### Work required
Every line from the one holding "ミスター・ジェントルマン 2020年春夏コレクション - ナチュラルな肌見せを叶える紳士服コピー ミスター・ジェントルマン" through the one holding "Appartement à vendre" in the data below must be returned exactly, both ends included, with pictures left out and nothing else added.

### Task material
# # # # # # #

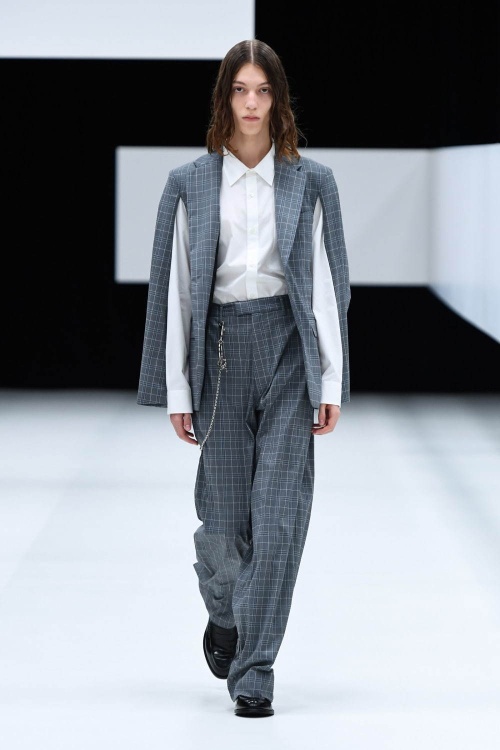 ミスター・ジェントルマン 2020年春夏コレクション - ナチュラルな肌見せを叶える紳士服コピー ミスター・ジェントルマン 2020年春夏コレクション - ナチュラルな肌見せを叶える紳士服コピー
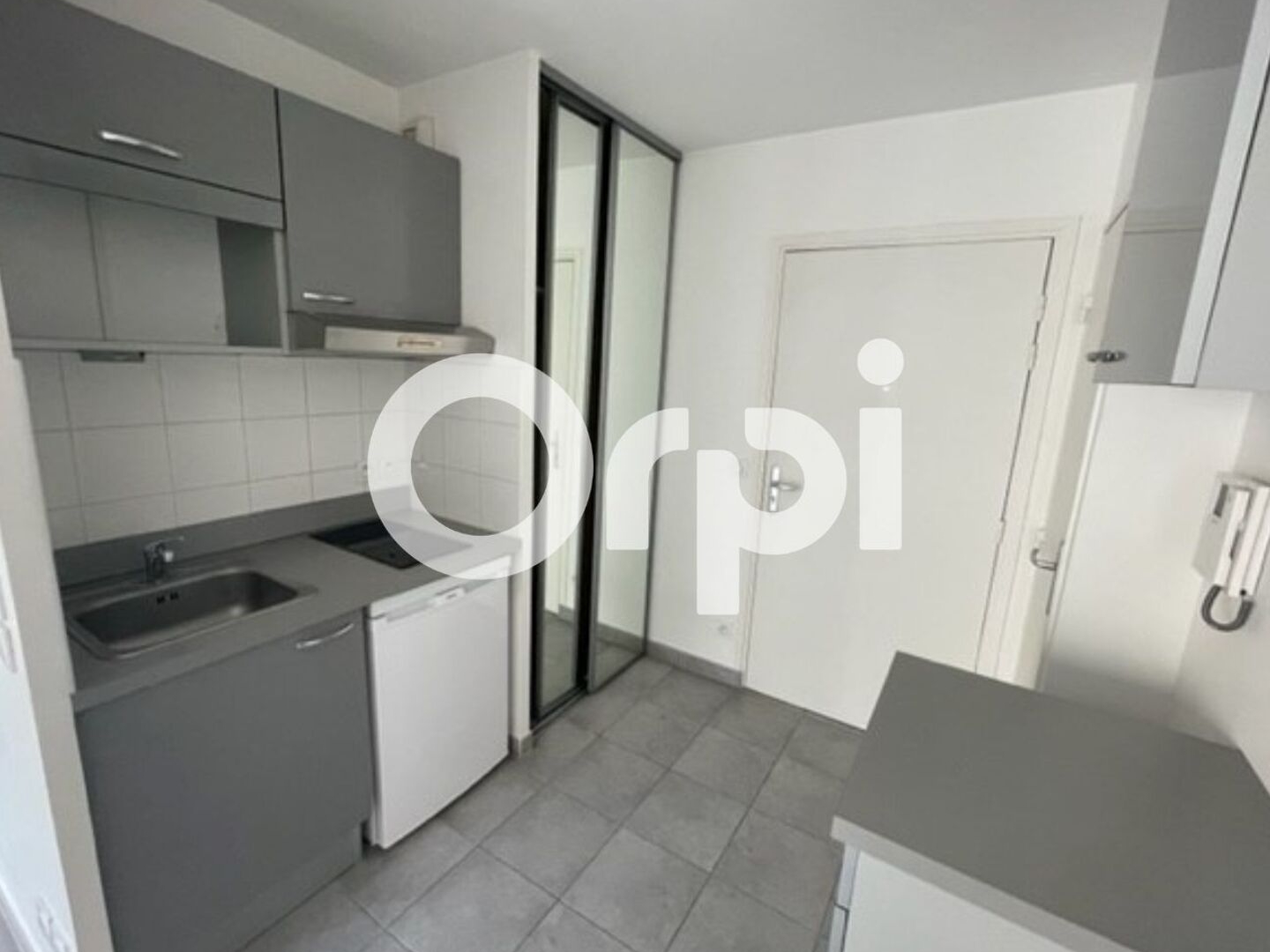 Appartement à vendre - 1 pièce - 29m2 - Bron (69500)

# # # # # # #

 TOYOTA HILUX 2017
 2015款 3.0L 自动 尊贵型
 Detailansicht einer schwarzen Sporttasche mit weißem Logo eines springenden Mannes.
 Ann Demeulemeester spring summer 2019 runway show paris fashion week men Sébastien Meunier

# # # # # # #

### Written solution
 ミスター・ジェントルマン 2020年春夏コレクション - ナチュラルな肌見せを叶える紳士服コピー ミスター・ジェントルマン 2020年春夏コレクション - ナチュラルな肌見せを叶える紳士服コピー
 Appartement à vendre - 1 pièce - 29m2 - Bron (69500)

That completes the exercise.